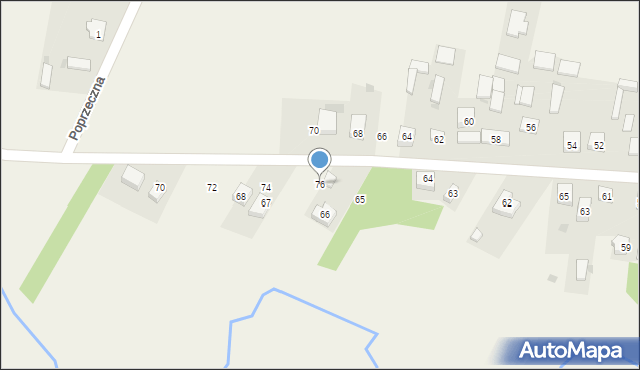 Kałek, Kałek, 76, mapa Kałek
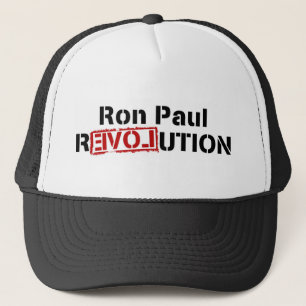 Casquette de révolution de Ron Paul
==
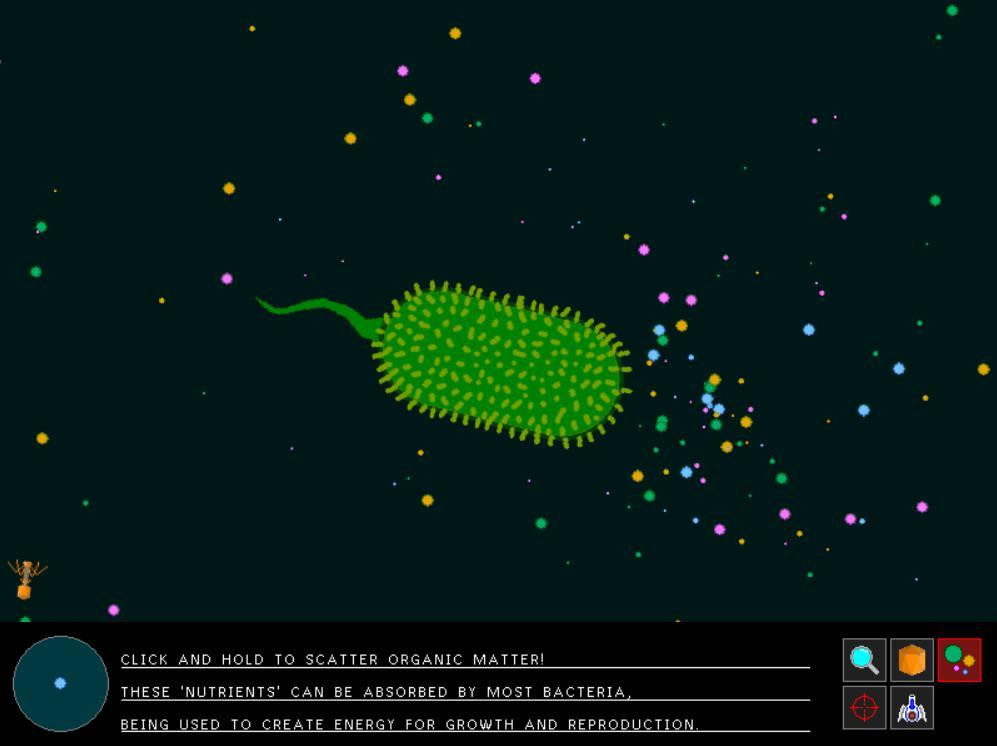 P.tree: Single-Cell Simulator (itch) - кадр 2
---
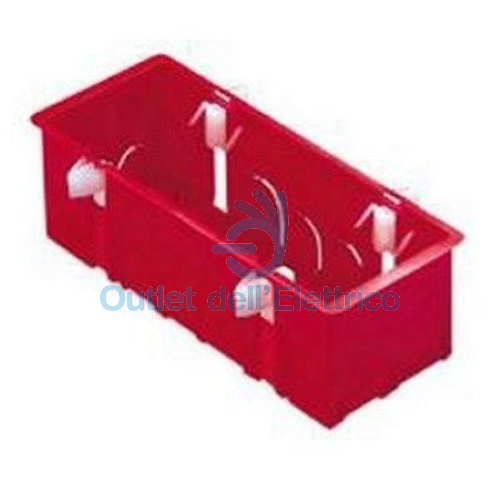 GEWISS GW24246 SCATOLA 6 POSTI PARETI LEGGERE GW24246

• [TASK GOAL]
All pictures are to be skipped. Output, word for word, the lines in the data above starting at the line containing "Kałek, Kałek, 76, mapa Kałek" and ending at the line containing "Casquette de révolution de Ron Paul".

• [ANSWER BOX]
 Kałek, Kałek, 76, mapa Kałek
 Casquette de révolution de Ron Paul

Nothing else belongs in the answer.